Today, as my students work to see themselves as writers, I draw on my fourth grade teacher’s advice. How can I make the oftentimes daunting task of writing new and exciting? What can I do to demonstrate to my students that new texts are not tedious and should never be sources of fear?
On the first day of analyzing a new text, my students are hard at work charting the text. As a group, we have broken it into digestible chunks, and now, we are completing a triple-entry journal that will act as the pre-writing for our argumentative analysis essays. Our goal is to dive into the brain of the author to figure out how he is trying to persuade us. As effective as this is, it has also been done before. It is the equivalent of an audience in its underwear.
Drop Everything and Play
Dropping everything and playing is the pickle in the audience. The goal is to transform the fear of a new text into an opportunity for pure creativity.

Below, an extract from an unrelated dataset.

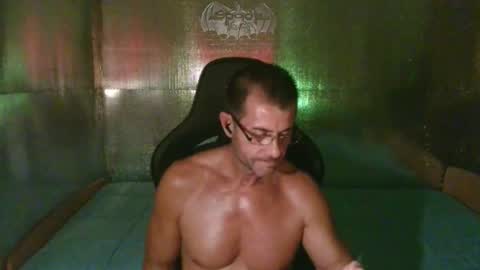 Snapshot of mariettee chatting on 11/16/25, 12:27 Djpegasus online show from 11/16/25, 12:27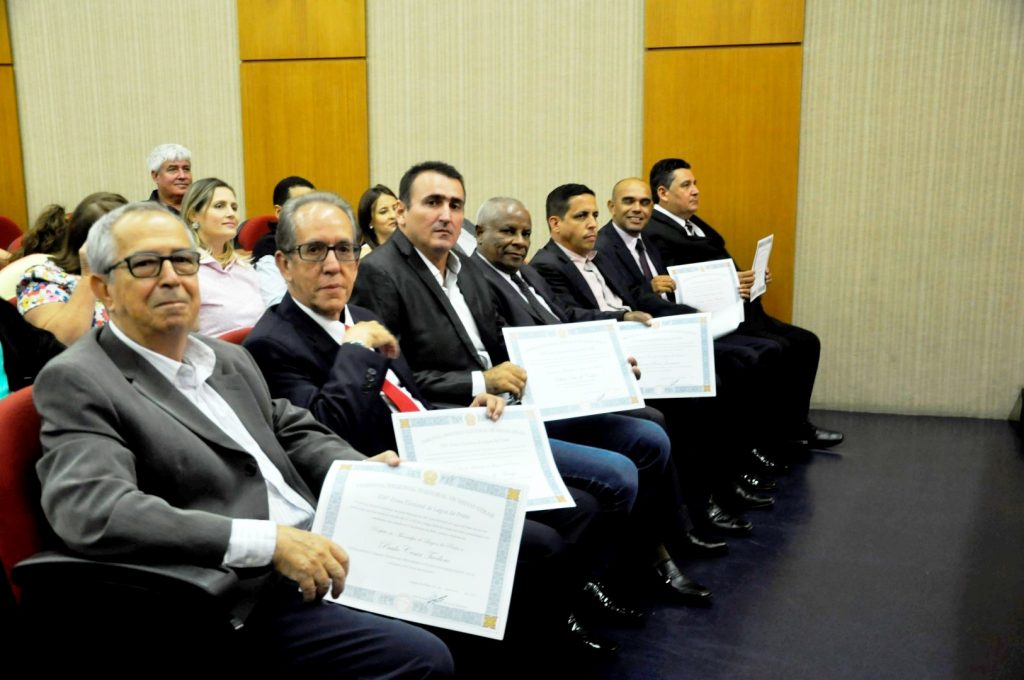  Da esquerda para a direita: Zezinho (representando o prefeito Paulinho), Toninho Sampaio (representando o vice Ismar Roberto) e os vereadores Olair Dias (Preto), Joanes Bosco, Adriano Moreira, Cabo Nunes, Kito da Peteca.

More specifically, when students drop everything and play with a text, they are given complete creative license to do anything they want with their copies of the text.
The Assignment
STOP ANALYZING. START PLAYING.
Your task is to take the first chapter of Night and turn it into something completely new. Extra points if it is unrecognizable from the original text.
Play-friendly Texts
My advice is to pick a text that is, of course, relevant to your content, but also slightly harder than what is normally read in your classroom. Remember, you are looking for that “Aha!” moment when students realize the text isn’t impossible or daunting.
Texts I have used:
- Chapter 1 of Elie Wiesel’s memoir, Night – Students encounter words like shtibl, penury, treatise, and antechamber.
- Gravedigger Scene from Hamlet (found here) – We played with just the “Alas, poor
David Tennant as Hamlet – Image via andretchaikowsky.com Yorick…” speech. This text lends itself well to budding poets.
- Chris Ferrante’s 2013 article, “Playing God: The Ethics of Euthanasia” (found here) – We used this as debate preparation after reading Of Mice and Men. This is the most difficult text we read all year, but it has the most opportunities for play.
Results
- Students cut out individual words and pasted them on a poster to create a word cloud.
- Students blackened out almost all of the words in the article and created a blackout poem.
- See http://newspaperblackout.com/ for a fantastic database of examples.
- Students wrote found poems and short stories based on words and phrases in a text.
- Sayler’s Hamlet Found Poem:
Horatio I knew your merriment. I knew your grinning. I knew how your lips kissed and how - in my imagination she abhorred her own chamber - her lips kissed back a thousand times. Now, her songs mock me. Not one favour to know. Not one favour to roar. Your infinite jest. My infinite imagination.
- Students created vocabulary flashcards for difficult words and quizzed their peers.
- While reading an argument about the declining reading abilities of Americans, a student cut out each word in the text and created an alphabet book with each page corresponding to a letter of the alphabet. Each letter’s page included every word from the article that started with that letter.
Reflection
During our Drop Everything and Play time, words become tools for creativity as opposed to hurdles and barriers to understanding. The texts themselves become less intimidating. They become something that can be analyzed.
Overall, I want my students to enjoy playing with words. I want them to see how malleable and fluid language is. They need to recognize new and complicated texts as avenues for entertainment and creativity.
Of course, the analysis has to follow. And it will. Students will gravitate toward making connections and digging into the text to discuss the author’s motivation. They will get there. But the foundation of the experience must be creativity. After all, we are asking them to become writers, creators of content, and molders of meaning. Writing is an entirely creative process, so when students can first interact with a text by turning it into a pickle, their response to it as writers will be monumentally more creative. When we drop everything, we give our students the opportunity to change and be changed by writing.